If you want consistent, spec compliant behavior in your queries,
you are required to specify the relationship use a left join in
the query. Ie:
"Select first from First first left join first.second second
where second is null"
or its equivalent in criteria expressions.
Best Regards,
Chris
One of the problems with considering this issue is that This is
why
On 08/01/2016 10:48 AM, Mauro
Molinari wrote:
Hello all,
I'm trying to implement some sort of "findByExample" feature
in my JPA application (using EclipseLink 2.6.1).
To do this, I'm inspecting the metamodel of my classes and
dynamically creating predicates to be added to a query built
with the Criteria API.
I encountered bug https://bugs.eclipse.org/bugs/show_bug.cgi?id=485414
which is causing me a lot of headache.
To work around it, I'm trying to implement the following
logic: "if the attribute is mapping a bidirectional
relationship which is not owned by this entity, then do an
outer join and apply a condition on the corresponding
relationship attribute of the target entity".
The simple case would be:
Predicate predicate = cb.equal(from.get(attribute),
exampleValue);
which substantially is: "WHERE MyEntity.attribute =
<exampleValue>"
But if exampleValue is NULL and attribute is a
@OneToOne(mappedBy="inverseAttributeName"), so it's mapped to
a non-owned relationship, I have to do a different thing to
work around the aforementioned bug.
So, I have:
- attribute, which is a SingularAttribute
- attributeType, which is the attribute type (
attribute.getType() )
- if
attributeType.getPersistenceType() ==
PersistenceType.ENTITY (=> a relation
attribute) then I get:
DatabaseMapping mapping = ((SingularAttributeImpl)
attribute).getMapping();
The DatabaseMapping object is promising, because it has the
method getRelationshipPartnerAttributeName() (or even
getRelationshipPartner()) which, if I understand it correctly,
should give me the attribute name of the related entity, if
this is a bidirectional mapping.
However what I see while debugging is that both methods always
return null (also the protected field "mapping.mappedBy" is
null!!), even if attribute is a SingularAttributeImpl of an
attribute which is mapped like this:
@OneToOne(cascade = CascadeType.ALL, fetch =
FetchType.LAZY, mappedBy = "inverseAttributeName", optional
= true, orphanRemoval = true)
and the inverse mapping is present (so the relationship
actually *is* bidirectional):
@Id @OneToOne(fetch = FetchType.EAGER, optional = false)

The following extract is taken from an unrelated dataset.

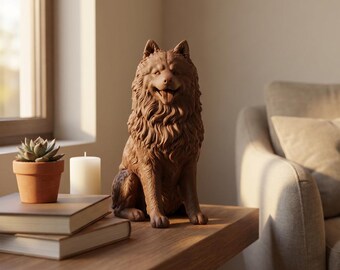 Samoyed Realistic Seated Dog Statue thumbnail 4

Something similar seems to be the fields
mapping.targetToSourceKeyFields and
mapping.sourceToTargetKeyFields, but those are maps containing
DatabaseFields, not attributes, so I doubt I can use them to
build my query (unless, of course, I am lucky and the
attribute name matches the database column name).
On the other hand, I can't find anything else useful in
SingularAttributeImpl (not to say the plain JPA interface...)
to get the desired result.
I'm almost at it, but I already spent a lot of time on this
final detail without success :-(
Any help would be *really* appreciated.